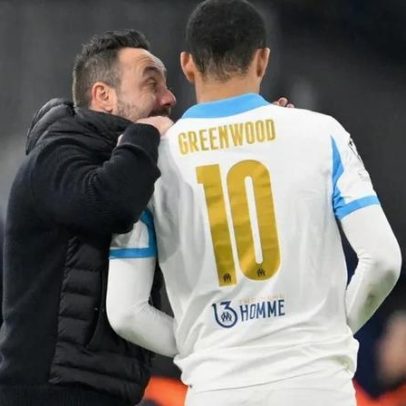 Adeptos do Tottenham protestam contra De Zerbi por Greenwood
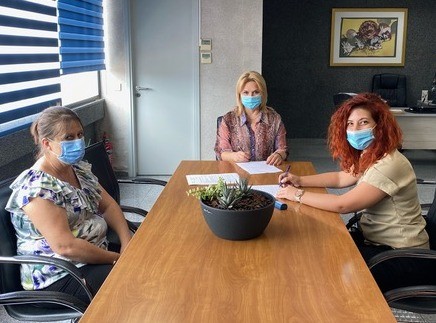 ΔΗΜΟΣ ΧΑΛΚΙΔΕΩΝ: Η Βάκα υπέγραψε σύμβαση για κατασκευή πεζοδρομίων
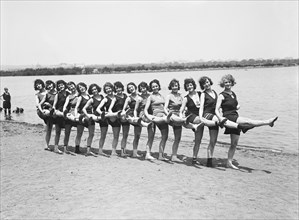 women, bathing suits, fashion, beach, historical, 1920s,
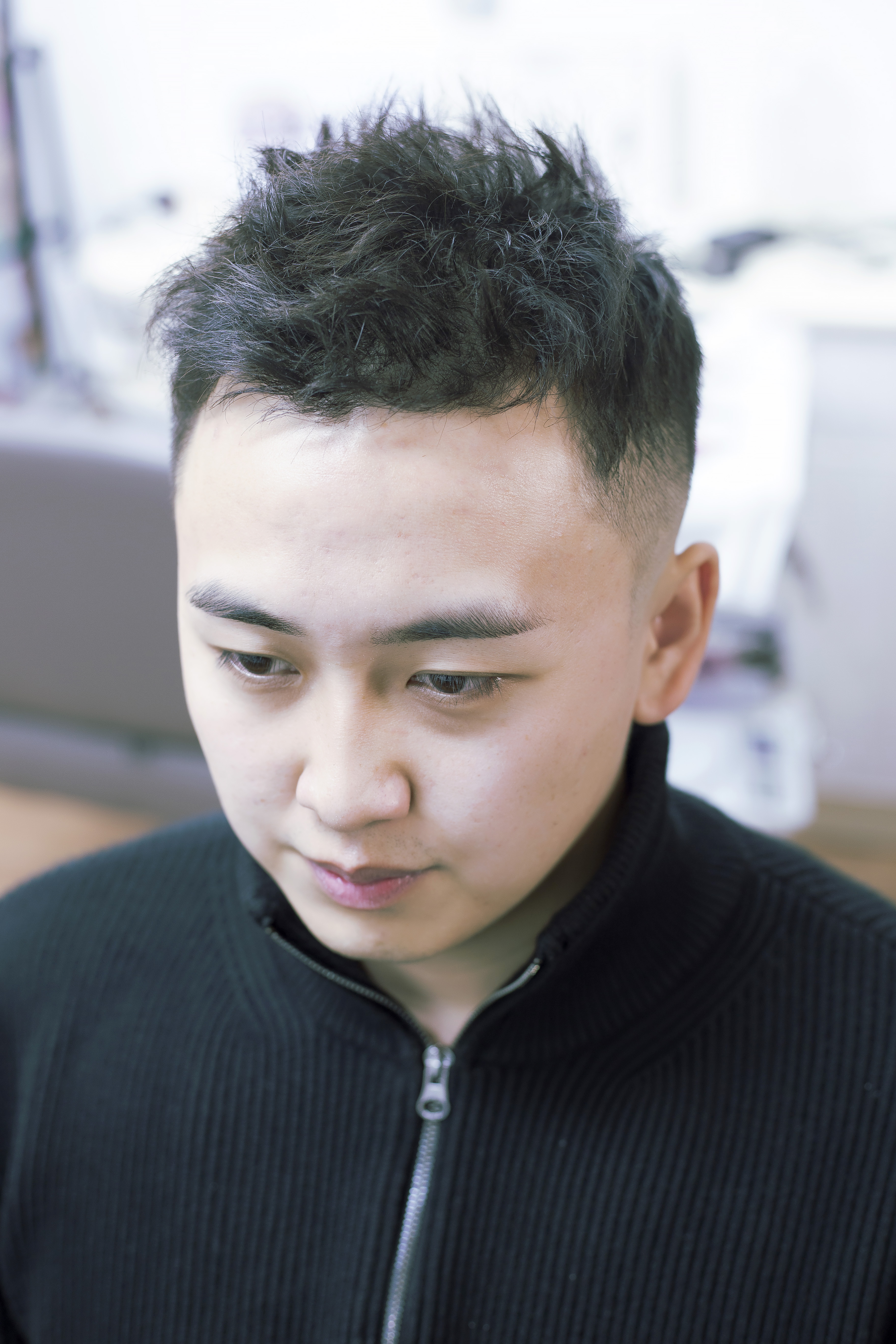 高发际线发量稀疏发型,发际线高头发稀疏掉头发怎么拯救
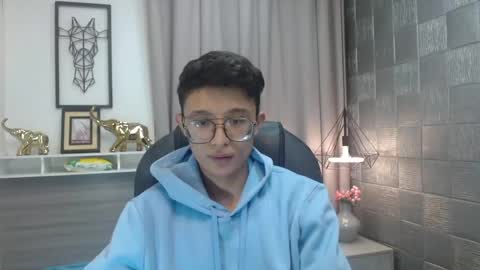 santiago_russo18 online show from April 18, 2026, 11:47 am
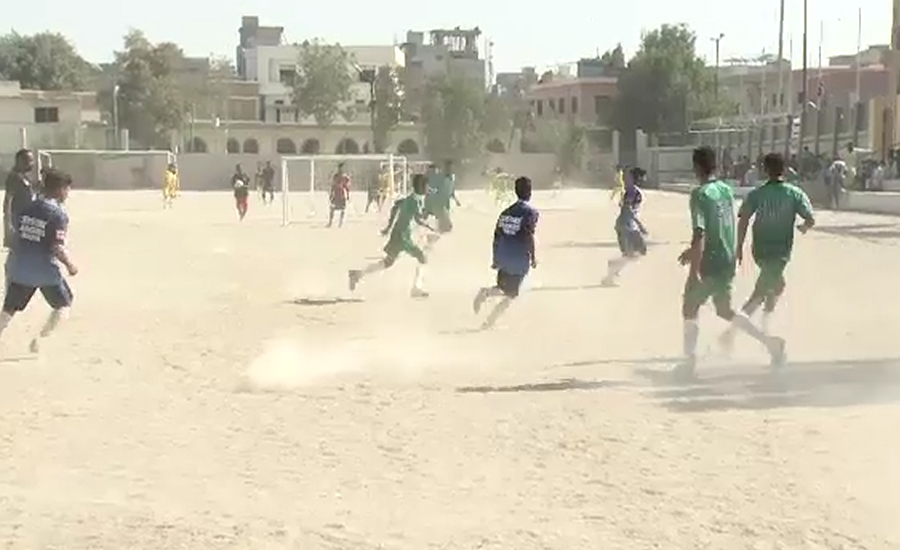کراچی ، لیاری میں سیون اے سائیڈ فٹبال ٹورنامنٹ کا میدان سج گیا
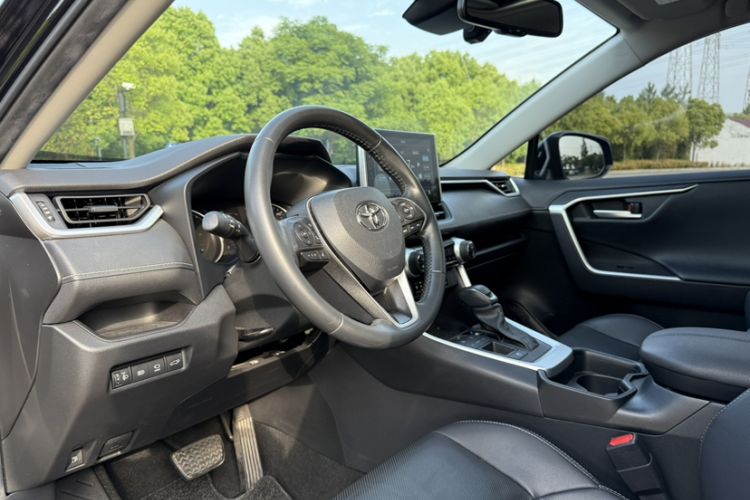 Used Toyota Wildlander 2022 Dual-Engine 2.5L E-CVT Two-Wheel Drive Prestige Edition Interior 10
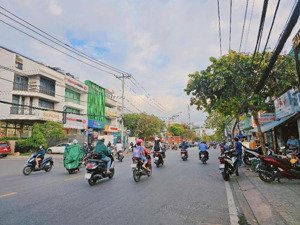 bán lô đất ngay kha vạn cân chợ thủ đức - 425m2 ngang 20m nở hậu full thổ cư - giá chỉ 30 tỷ tl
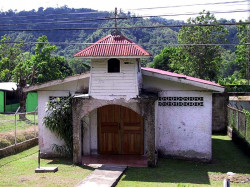 36. neighborhood church in golfito 800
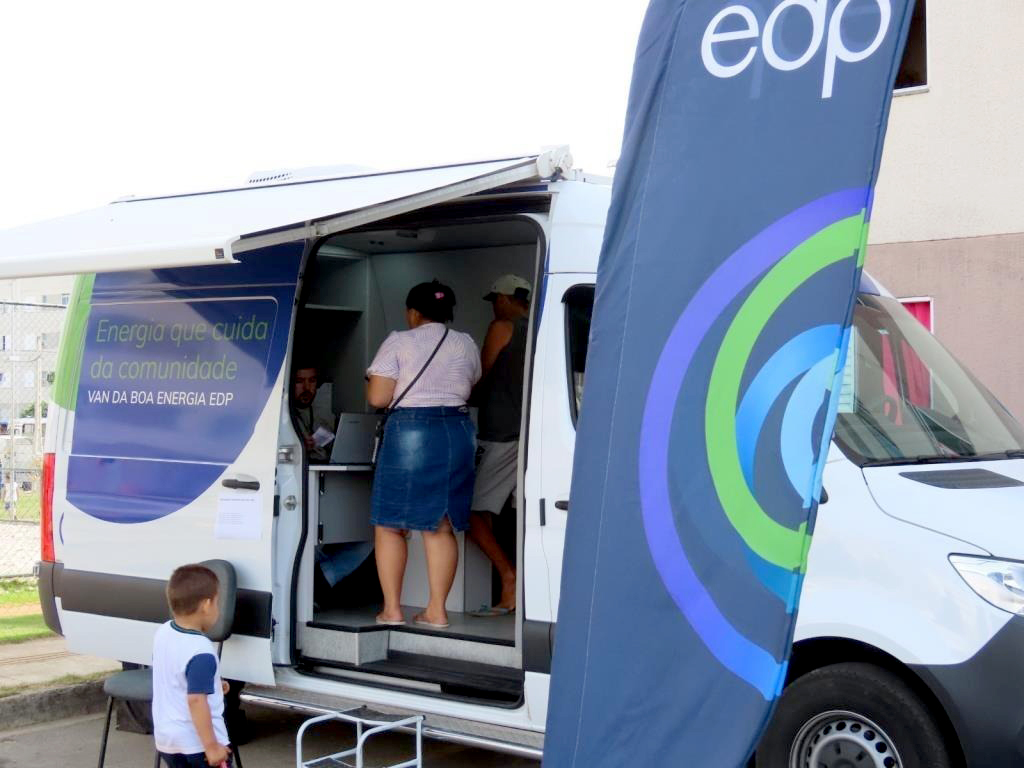 Van da Boa Energia da EDP retorna para Moreira César e oferece serviços gratuitos à população
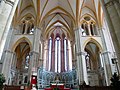 Vue sur le chœur de la cathédrale de Toul et ses chapelles attenantes.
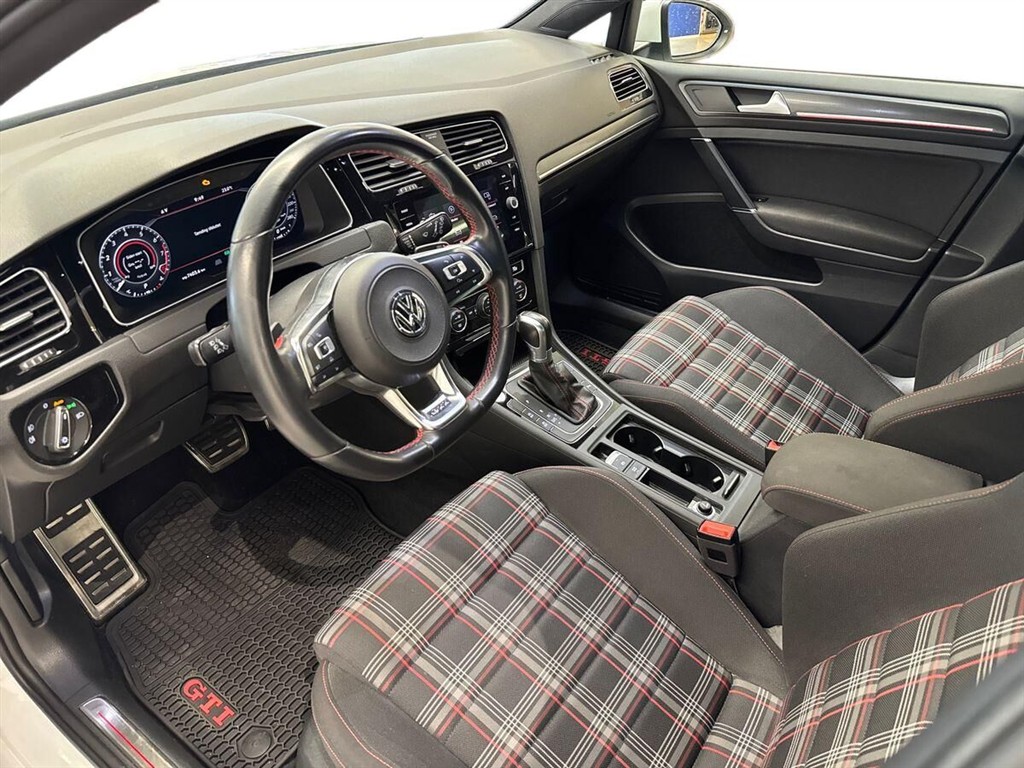 VW Golf 2,0 TSI BMT GTI Performance DSG 245HK 5d 7g Aut. - Image 10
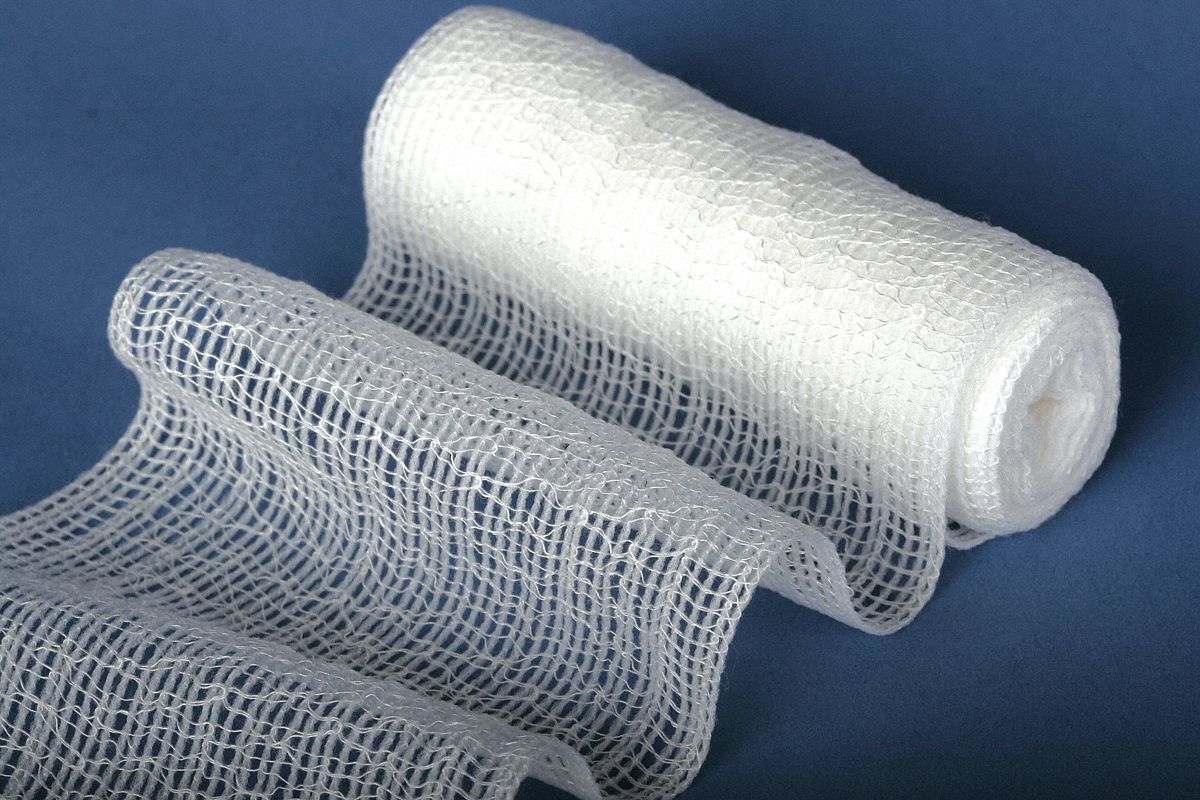 Medline Gauze Bandage Latex Free Sterile White Woven Rayon And Polyester Bulk 1 In Wd 12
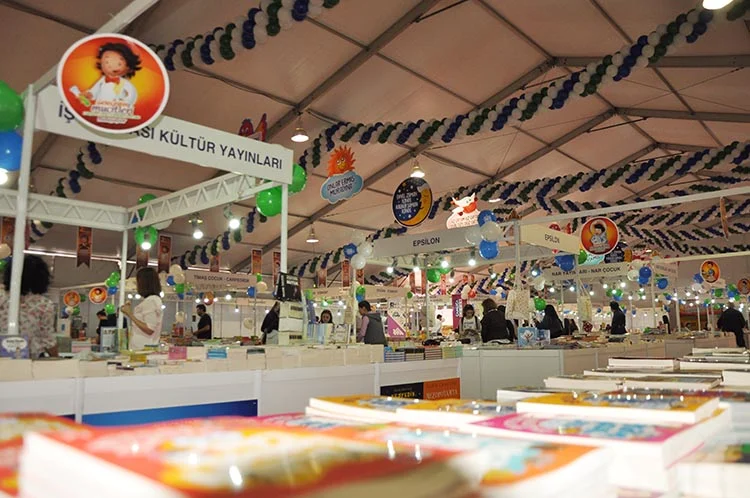 Beykoz'da geleneksel olarak düzenlenen Çocuk Kitapları Fuarı, 4. kez kapılarını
● ● ● ● ● ● ●
- [TASK OBJECTIVE]
What is needed is the whole listing again, set down exactly, without its pictures.

- [YOUR RESPONSE]
 Adeptos do Tottenham protestam contra De Zerbi por Greenwood
 ΔΗΜΟΣ ΧΑΛΚΙΔΕΩΝ: Η Βάκα υπέγραψε σύμβαση για κατασκευή πεζοδρομίων
 women, bathing suits, fashion, beach, historical, 1920s,
 高发际线发量稀疏发型,发际线高头发稀疏掉头发怎么拯救
 santiago_russo18 online show from April 18, 2026, 11:47 am
کراچی ، لیاری میں سیون اے سائیڈ فٹبال ٹورنامنٹ کا میدان سج گیا
 Used Toyota Wildlander 2022 Dual-Engine 2.5L E-CVT Two-Wheel Drive Prestige Edition Interior 10
 bán lô đất ngay kha vạn cân chợ thủ đức - 425m2 ngang 20m nở hậu full thổ cư - giá chỉ 30 tỷ tl
 36. neighborhood church in golfito 800
 Van da Boa Energia da EDP retorna para Moreira César e oferece serviços gratuitos à população
 Vue sur le chœur de la cathédrale de Toul et ses chapelles attenantes.
 VW Golf 2,0 TSI BMT GTI Performance DSG 245HK 5d 7g Aut. - Image 10
 Medline Gauze Bandage Latex Free Sterile White Woven Rayon And Polyester Bulk 1 In Wd 12
 Beykoz'da geleneksel olarak düzenlenen Çocuk Kitapları Fuarı, 4. kez kapılarını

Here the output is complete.